Shop Canon's refurbished on line site; Canon EOS SL1 18-55 IS STM Lens Kit Refurbished | Canon Online Store

That price is about $150 below typical retail for the SL1 with a kit lens.  The kit lens included in that deal is very good.

You'll still have a one year warranty from Canon on refurbished cameras.  

$150 will go a long way towards other items you'll want in the future.

All that said, buying on line is often not the best option for a student.  If you buy locally, you can find local after-the-sale assistance from a good, local independent camera shop.  It will cost you a bit more but such advice and information can prove to be priceless for the average student photographer.

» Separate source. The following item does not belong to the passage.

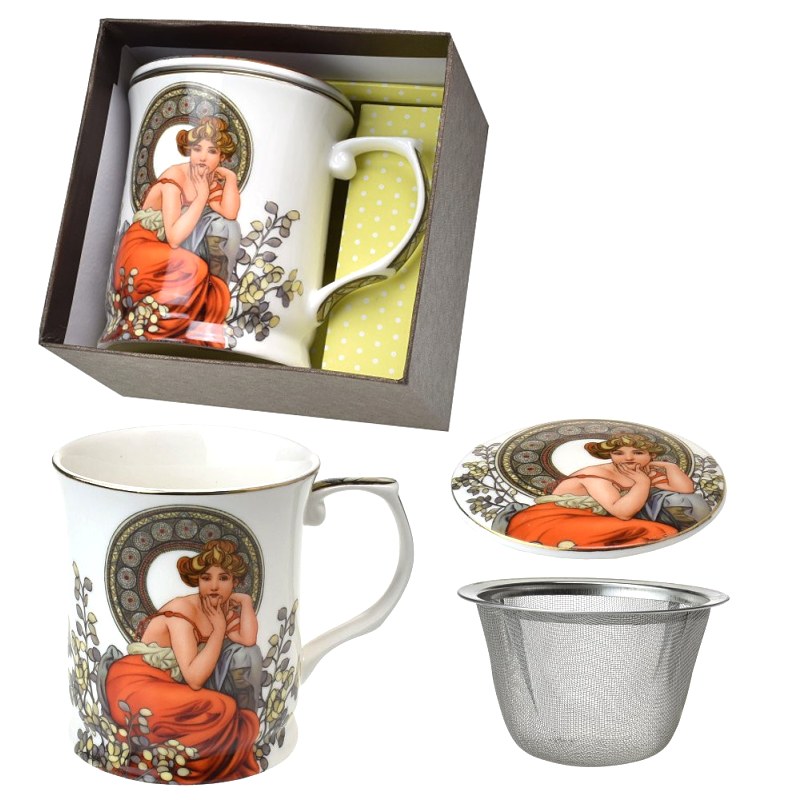 Hrnek bylinkový 380 ml s filtrem, Alfons Mucha, Topaz, bílý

DPReview Gear of the Year: Canon Rebel SL1 / EOS 100D

Recommended Cameras

(BTW, you can buy the SL1 and still afford a Canon "S" series camera.  While not a DSLR in the strictest sense, it is a great little carry around, in your pocket "enthusiast" camera with very good image quality and the mechanics of a traditional DSLR.  You'll get shots your classmates with the big and bulky DSLR's can't take simply because you can have an S series Canon with you at all times.  Just my opinion.)


----------



## centauro74 (Sep 30, 2015)

For her case the canon 70D is a good option,  plus shooting video with the dual pixel AF is really helpful.


----------



## JacaRanda (Sep 30, 2015)

Nicole808 said:


> Solarflare said:
> 
> 
> > Nicole808 said:
> ...



Then it makes more sense, especially if your friend will let you borrow lenses and other accessories.  You can try things out prior to spending your hard earned cash.


----------



## PropilotBW (Sep 30, 2015)

BananaRepublic said:


> astroNikon said:
> 
> 
> > Nicole808 said:
> ...



I agree.  It's not limitations of either system, it's the limitations of the knowledge of the professor.  Maybe it would be better then to not spend a lot of money if you don't end up liking the Canon.


----------



## Punisher911 (Oct 13, 2015)

I agree the "forced product" is a bit weird.... However, I do love my 70d and the touch screen will spoil you....  It is my first DLSR as well and I too take photography in college.  A reputable camera shop should help you with a used purchase too.  Even a mail order/online place like Procam or B&H, etc can offer nice used gear often with a return policy you won't get off Craigslist or whatever.


----------